Advanced Automatic Differentiation

The grad and value_and_grad provided by the mindspore.ops module generate the gradients of the network model. grad computes the network gradient, and value_and_grad computes both the forward output and the gradient of the network. This article focuses on how to use the main functions of the grad, including first-order and second-order derivations, derivation of the input or network weights separately, returning auxiliary variables, and stopping calculating the gradient.

For more information about the derivative interface, please refer to the API documentation.

First-order Derivation

Method: mindspore.grad. The parameter usage is as follows:

fn: the function or network to be derived.
grad_position: specifies the index of the input position to be derived. If the index is int type, it means to derive for a single input; if tuple type, it means to derive for the position of the index within the tuple, where the index starts from 0; and if None, it means not to derive for the input. In this scenario, weights is non-None. Default: 0.
weights: the network variables that need to return the gradients in the training network. Generally the network variables can be obtained by weights = net.trainable_params(). Default: None.
has_aux: symbol for whether to return auxiliary arguments. If True, the number of fn outputs must be more than one, where only the first output of fn is involved in the derivation and the other output values will be returned directly. Default: False.

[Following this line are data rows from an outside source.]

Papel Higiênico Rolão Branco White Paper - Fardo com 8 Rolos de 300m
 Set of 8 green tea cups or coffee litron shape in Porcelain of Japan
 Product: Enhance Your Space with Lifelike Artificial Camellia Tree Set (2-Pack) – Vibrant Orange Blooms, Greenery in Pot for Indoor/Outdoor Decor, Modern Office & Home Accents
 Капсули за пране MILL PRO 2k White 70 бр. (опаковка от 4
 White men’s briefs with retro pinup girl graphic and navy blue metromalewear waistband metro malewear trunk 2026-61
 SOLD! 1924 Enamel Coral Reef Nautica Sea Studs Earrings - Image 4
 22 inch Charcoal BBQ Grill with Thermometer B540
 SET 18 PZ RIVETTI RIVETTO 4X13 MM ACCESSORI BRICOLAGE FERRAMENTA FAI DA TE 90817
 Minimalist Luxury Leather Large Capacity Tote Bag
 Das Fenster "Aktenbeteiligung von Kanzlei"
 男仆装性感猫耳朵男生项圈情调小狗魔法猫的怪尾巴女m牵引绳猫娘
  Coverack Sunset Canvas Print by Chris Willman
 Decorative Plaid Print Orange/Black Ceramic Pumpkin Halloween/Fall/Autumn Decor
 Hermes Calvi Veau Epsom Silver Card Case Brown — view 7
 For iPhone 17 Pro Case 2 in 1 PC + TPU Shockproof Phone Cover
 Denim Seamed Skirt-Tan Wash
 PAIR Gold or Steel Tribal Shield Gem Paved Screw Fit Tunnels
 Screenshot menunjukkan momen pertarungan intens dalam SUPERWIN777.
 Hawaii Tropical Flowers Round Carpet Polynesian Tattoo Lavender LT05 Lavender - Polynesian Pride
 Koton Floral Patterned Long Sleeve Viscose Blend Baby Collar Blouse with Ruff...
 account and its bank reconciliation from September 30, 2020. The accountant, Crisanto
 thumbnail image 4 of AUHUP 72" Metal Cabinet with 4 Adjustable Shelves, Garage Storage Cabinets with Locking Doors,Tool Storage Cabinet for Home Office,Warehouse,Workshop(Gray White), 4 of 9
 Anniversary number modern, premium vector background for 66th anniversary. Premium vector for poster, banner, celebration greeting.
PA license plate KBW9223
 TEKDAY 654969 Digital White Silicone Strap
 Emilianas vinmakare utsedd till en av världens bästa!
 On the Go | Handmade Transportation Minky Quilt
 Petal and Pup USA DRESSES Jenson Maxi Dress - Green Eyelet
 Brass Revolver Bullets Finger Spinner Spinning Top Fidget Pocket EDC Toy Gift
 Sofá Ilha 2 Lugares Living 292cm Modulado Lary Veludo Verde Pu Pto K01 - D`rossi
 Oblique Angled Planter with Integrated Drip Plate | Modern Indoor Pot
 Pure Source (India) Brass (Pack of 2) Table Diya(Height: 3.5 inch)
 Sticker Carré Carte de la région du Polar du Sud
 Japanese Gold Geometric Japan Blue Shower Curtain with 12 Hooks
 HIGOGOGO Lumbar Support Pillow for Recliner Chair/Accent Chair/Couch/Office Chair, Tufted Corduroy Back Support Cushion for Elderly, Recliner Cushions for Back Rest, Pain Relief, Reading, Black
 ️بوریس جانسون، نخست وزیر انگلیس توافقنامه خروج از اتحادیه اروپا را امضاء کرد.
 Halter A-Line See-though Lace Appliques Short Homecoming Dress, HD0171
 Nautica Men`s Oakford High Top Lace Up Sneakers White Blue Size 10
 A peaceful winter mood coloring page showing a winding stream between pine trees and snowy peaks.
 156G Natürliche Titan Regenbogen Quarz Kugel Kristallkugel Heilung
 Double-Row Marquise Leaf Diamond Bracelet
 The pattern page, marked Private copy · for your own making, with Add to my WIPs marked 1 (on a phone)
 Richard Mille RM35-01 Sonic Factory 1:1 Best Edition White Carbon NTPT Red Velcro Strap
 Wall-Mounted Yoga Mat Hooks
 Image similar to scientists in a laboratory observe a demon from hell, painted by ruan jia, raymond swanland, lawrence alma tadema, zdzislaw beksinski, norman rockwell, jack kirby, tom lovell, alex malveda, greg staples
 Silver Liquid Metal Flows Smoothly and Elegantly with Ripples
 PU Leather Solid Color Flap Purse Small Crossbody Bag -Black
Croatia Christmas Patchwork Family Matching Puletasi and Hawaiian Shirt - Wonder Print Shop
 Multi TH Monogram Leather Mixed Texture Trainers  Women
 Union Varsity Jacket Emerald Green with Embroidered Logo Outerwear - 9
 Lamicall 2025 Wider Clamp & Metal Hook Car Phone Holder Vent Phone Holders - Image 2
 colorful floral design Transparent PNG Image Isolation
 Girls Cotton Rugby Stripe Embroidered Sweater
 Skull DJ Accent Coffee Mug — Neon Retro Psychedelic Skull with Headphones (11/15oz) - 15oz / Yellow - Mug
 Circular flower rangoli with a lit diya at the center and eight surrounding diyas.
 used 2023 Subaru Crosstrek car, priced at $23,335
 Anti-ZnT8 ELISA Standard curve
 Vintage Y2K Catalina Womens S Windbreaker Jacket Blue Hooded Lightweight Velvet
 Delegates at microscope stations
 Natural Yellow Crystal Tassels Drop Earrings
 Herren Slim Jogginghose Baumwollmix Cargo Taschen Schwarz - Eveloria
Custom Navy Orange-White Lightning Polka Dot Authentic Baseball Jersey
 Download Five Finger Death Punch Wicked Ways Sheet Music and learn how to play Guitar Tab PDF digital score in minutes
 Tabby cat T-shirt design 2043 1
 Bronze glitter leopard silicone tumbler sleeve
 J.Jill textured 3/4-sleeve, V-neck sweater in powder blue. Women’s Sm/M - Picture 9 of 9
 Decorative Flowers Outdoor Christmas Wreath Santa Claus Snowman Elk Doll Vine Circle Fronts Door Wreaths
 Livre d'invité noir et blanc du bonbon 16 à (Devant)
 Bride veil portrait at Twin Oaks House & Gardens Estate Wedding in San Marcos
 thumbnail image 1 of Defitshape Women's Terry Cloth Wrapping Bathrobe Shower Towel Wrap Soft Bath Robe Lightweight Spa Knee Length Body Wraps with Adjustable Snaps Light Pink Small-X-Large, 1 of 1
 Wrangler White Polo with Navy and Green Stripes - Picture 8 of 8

The following is a brief introduction to the use of the grad by first constructing a customized network model Net and then performing a first-order derivative on it:

\[f(x, y)=(x * z) * y \tag{1}\]

First, define the network model Net, input x, and input y.

import numpy as np
from mindspore import ops, Tensor
import mindspore.nn as nn
import mindspore as ms

# Define the inputs x and y.
x = Tensor([3.0], dtype=ms.float32)
y = Tensor([5.0], dtype=ms.float32)


class Net(nn.Cell):
    def __init__(self):
        super(Net, self).__init__()
        self.z = ms.Parameter(ms.Tensor(np.array([1.0], np.float32)), name='z')

    def construct(self, x, y):
        out = x * x * y * self.z
        return out

Computing the First-order Derivative for Input

To derive the inputs x and y, set grad_position to (0, 1):

\[\frac{\partial f}{\partial x}=2 * x * y * z \tag{2}\]

\[\frac{\partial f}{\partial y}=x * x * z \tag{3}\]

net = Net()
grad_fn = ms.grad(net, grad_position=(0, 1))
gradients = grad_fn(x, y)
print(gradients)

(Tensor(shape=[1], dtype=Float32, value= [ 3.00000000e+01]), Tensor(shape=[1], dtype=Float32, value= [ 9.00000000e+00]))

Computing the Derivative for Weight

Derive for the weight z, where it is not necessary to derive for the inputs, and set grad_position to None:

\[\frac{\partial f}{\partial z}=x * x * y \tag{4}\]

params = ms.ParameterTuple(net.trainable_params())

output = ms.grad(net, grad_position=None, weights=params)(x, y)
print(output)

(Tensor(shape=[1], dtype=Float32, value= [ 4.50000000e+01]),)

Returning Auxiliary Variables

Simultaneous derivation for the inputs and weights, where only the first output is involved in the derivation, with the following sample code:

net = nn.Dense(10, 1)
loss_fn = nn.MSELoss()


def forward(inputs, labels):
    logits = net(inputs)
    loss = loss_fn(logits, labels)
    return loss, logits


inputs = Tensor(np.random.randn(16, 10).astype(np.float32))
labels = Tensor(np.random.randn(16, 1).astype(np.float32))
weights = net.trainable_params()

# Aux value does not contribute to the gradient.
grad_fn = ms.grad(forward, grad_position=0, weights=None, has_aux=True)
inputs_gradient, (aux_logits,) = grad_fn(inputs, labels)
print(len(inputs_gradient), aux_logits.shape)

16, (16, 1)

Stopping Gradient Computation

You can use stop_gradient to stop computing the gradient of a specified operator to eliminate the impact of the operator on the gradient.

Based on the matrix multiplication network model used for the first-order derivation, add an operator out2 and disable the gradient computation to obtain the customized network Net2. Then, check the derivation result of the input.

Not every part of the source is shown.